Participating in a Sugar Study

   Rita’s class assignment – a Holistic Nutrition group study on the substitution of refined sugar products with whole foods – sounded interesting, but I REALLY need some sugar along with the caffeine to get going. My morning chai latte is useless without a tablespoon of sugar in addition to a packet of stevia sweetener (a serious sweet tooth here). As part of tracking results the study participants are registered at Food Prodigy which makes it easier for us guinea pigs to enter our food intake and allows Rita to keep up with each participant. The World’s Healthiest Foods is the class reference list where I found a group of natural sweeteners. Sucanat is evaporated sugar cane juice. Our local grocery store, HEB, has started carrying it in the bulk foods isle and I had purchased some for experimenting. Chai latte is just as good with Sucanat when replacing the white sugar!
   Several friends are also very interested in nutrition and Barb has not only agreed to participate in Rita’s study but she shared with me a recipe for Cinnamon-Pumpkin cookies that she had picked up at a lecture. There is always pumpkin in the cupboard, sometimes 2, 3, 4 cans depending on the season and also Sucanat – check, spices – check, buttery margarine sticks – check, raisins – check, eggs – check. One of these days I will get around to egg replacer so most of these goodies can be vegan as well as gluten-free.
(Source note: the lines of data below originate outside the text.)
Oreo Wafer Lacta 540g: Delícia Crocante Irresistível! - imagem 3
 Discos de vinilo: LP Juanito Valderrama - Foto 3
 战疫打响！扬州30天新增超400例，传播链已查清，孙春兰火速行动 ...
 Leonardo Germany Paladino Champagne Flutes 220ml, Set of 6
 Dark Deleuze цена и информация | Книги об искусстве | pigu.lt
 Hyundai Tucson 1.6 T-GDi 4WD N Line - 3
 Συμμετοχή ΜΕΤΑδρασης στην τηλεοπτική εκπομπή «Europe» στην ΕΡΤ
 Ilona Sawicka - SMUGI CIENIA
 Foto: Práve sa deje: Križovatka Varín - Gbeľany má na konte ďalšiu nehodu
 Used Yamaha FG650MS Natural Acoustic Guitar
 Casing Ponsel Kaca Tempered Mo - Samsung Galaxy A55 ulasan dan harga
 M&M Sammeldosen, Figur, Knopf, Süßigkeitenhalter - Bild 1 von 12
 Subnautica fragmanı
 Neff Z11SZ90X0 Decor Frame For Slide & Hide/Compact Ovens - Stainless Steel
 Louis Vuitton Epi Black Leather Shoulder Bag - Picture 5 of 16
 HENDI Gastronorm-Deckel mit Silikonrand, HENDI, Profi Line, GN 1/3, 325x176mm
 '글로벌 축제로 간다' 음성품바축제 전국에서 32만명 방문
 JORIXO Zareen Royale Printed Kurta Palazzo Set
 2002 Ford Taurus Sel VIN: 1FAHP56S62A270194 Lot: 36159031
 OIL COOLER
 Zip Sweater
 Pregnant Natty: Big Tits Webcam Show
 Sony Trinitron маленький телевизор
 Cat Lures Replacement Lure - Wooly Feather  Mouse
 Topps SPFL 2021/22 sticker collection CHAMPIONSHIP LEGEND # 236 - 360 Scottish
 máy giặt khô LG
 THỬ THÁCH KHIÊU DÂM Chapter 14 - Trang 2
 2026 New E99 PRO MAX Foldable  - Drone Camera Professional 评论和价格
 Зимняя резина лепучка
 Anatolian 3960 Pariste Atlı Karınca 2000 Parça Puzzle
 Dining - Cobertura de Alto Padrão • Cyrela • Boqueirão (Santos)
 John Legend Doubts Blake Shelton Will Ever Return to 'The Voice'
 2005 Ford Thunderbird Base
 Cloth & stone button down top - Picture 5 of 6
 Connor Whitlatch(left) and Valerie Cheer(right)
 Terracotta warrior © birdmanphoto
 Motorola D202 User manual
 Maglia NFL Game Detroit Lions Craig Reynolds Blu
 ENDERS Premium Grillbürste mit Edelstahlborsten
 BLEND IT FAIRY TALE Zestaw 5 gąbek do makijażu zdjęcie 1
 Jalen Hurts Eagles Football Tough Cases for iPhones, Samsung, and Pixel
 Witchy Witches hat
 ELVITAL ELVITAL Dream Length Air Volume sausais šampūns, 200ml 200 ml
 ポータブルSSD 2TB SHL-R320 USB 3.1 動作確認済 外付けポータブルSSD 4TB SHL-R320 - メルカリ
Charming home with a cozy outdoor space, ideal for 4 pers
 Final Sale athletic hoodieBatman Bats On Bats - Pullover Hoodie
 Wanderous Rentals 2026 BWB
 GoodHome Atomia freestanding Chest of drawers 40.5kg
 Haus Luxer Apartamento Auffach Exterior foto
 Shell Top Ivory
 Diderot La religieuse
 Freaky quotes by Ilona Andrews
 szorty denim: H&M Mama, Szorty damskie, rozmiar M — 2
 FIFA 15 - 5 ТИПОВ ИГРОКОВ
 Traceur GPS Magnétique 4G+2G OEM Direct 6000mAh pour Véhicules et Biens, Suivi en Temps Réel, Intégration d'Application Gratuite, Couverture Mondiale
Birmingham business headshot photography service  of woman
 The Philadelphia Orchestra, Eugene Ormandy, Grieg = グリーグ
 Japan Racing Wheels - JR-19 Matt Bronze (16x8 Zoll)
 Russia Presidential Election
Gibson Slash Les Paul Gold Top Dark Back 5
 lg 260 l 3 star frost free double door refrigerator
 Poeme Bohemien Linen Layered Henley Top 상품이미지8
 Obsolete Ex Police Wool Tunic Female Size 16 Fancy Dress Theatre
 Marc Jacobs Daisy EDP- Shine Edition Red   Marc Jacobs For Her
I added the bits of molasses, orange extract, coconut flour, and extra cinnamon. Only the cinnamon stands out but the other items contribute to ‘flavor layering’ which subtlety increases the yum factor.
   After I analyzed the nutrient profile to enter these into Food Prodigy for my tracking I realized that they have a pretty good health profile for a cookie!

Oven Ready!

Oven Ready!

Pumpkin-Spice-Raisin Cookies

3/4 cup margarine*
1 cup dried sugar cane juice**
1 teaspoon molasses
1/2 teaspoon orange extract
2 x-large eggs
1 cup canned pumpkin

1/2 cup sorghum flour
1/2 cup garbanzo flour
1/2 cup potato flour
1/2 cup brown rice flour
1 teaspoon xanthan gum
1 teaspoon coconut flour
2 teaspoons ground cinnamon
1/2 teaspoon ground nutmeg
1/2 teaspoon ground cloves
1/4 teaspoon salt

1 cup raisins

   Sift all of the dry ingredients together and set aside. Put the margarine and Sucanat into a medium bowl and cream together adding the molasses and orange (or vanilla) extract. Beat in the two eggs and then the pumpkin. Stir in by hand the dry ingredients until all of the flour is absorbed. Add the raisins and mix well. Drop the cookies by scoop or spoonful onto your cookie pan. This dough does not spread during baking so pat them down to the size that you want. Bake at 375*F until lightly browned. Baking time depends on the size of your cookie.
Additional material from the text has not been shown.